An England that Keats and Turner would recognise
where today would be
a hedgeless, tarmac-ed way
and someone defensive, private.
Places of animals and of musical birds:
time and again in Shropshire and in Wales
the eternal reliable song that did not ease
their trapped, those hinted at, adult griefs.

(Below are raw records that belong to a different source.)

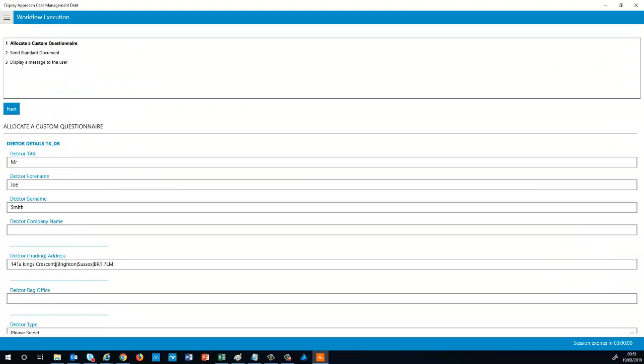The first action is a custom questionnaire. Fill in all of the details necessary, but remember to click Submit at the bottom of your questionnaire. You can then select Next.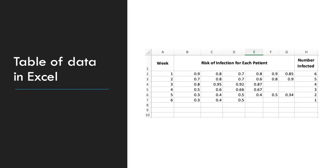And here's the same table of data, but now put into an Excel worksheet. We have the week, weeks 1 through 6, the risk of infection for each week, as well as the number infected.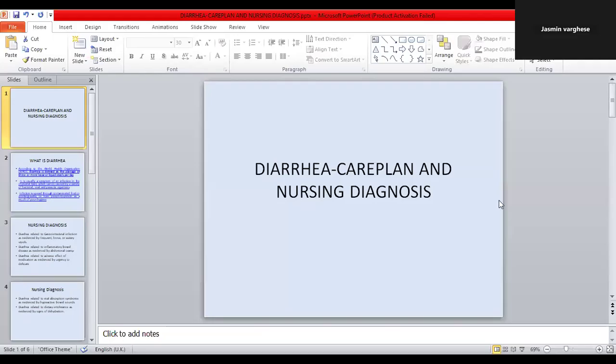Hey guys, welcome back. Today we are going to see another nursing diagnosis and care plan. We are going to see diarrhea nursing care plan and diagnosis.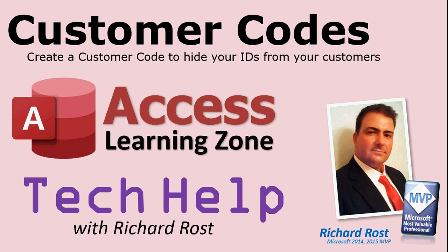Welcome to another Tech Help video brought to you by AccessLearningZone.com. I am your instructor, Richard Rost. In today's lesson, I'm going to show you how to create customer codes. We're going to create customer codes to hide your IDs from your customers.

Or is this premature oldman-speak;
disturbed ruminations
in the soft shroud of sadness, but no thorns
perceived after lunch and wine?
One cat-napping with his aches to wake him,
his world reduced to the comforting moon
of a lamp on a bedside table,
waking to trace the lines of his stray thoughts?
One who – as, before dark comes,
when birds and animals peck and scratch for food –
picks his way late for spiritual sustenance,
in hope that there will be built in the mind
a still pillar, carved out of the flux?

*
Thumbs up again down the A6
leaving blisters of fires by lakes and woods,
heat-cracked rings of stones, charred logs
(and holes in a bowling-green once
after we had pitched tent in the dark
of Borrowdale when tumbling off Scafell).
Came back with wet, wool socks,
boots holding water, stained maps,
broken thermos, unwashed pans
for mothers honoured to wash them
and parted for our different homes.

I’ve read that, to experience hell,
children have had their fingers held in flame
for a second and told to imagine eternity.
Maybe everlasting joy is the same?
Is love’s abyss of eternal time
in moments hung on such meetings.
It would be always thus, we thought,
or, because we were so wise, would just get better
and better, until the end of time...........

1 comment:

pam g. said...

I love this evocative poem and look forward to reading the whole book. Marvellous to read what seems to be this easy flow of description, especially of the Lakes, where I have immersed myself (on too short visits in recent years) in the beauty and my own wondering about the lives of William and Dorothy and their walks on the Fells -- imagined meeting them and how the conversation might go. I know that writing poetry is not as easy as you seem to make it. I'm grateful for your example.